- _INPUT DATA_
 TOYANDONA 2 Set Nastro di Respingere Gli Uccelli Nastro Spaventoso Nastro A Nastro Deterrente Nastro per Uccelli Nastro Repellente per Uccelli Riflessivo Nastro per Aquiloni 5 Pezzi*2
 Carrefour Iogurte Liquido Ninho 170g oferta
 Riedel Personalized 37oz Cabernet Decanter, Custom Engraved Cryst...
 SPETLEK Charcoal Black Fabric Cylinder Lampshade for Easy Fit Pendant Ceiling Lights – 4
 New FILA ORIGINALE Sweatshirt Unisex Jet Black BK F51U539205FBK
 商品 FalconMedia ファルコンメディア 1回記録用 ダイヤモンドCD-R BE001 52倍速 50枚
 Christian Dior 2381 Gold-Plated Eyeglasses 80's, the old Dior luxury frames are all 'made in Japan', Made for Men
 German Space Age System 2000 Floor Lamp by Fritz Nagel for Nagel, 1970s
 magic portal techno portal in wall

- _TASK PROMPT_
Find the word "Black" in the entries, and copy every line it shows up in.

- _EXERCISE OUTPUT_
 SPETLEK Charcoal Black Fabric Cylinder Lampshade for Easy Fit Pendant Ceiling Lights – 4
 New FILA ORIGINALE Sweatshirt Unisex Jet Black BK F51U539205FBK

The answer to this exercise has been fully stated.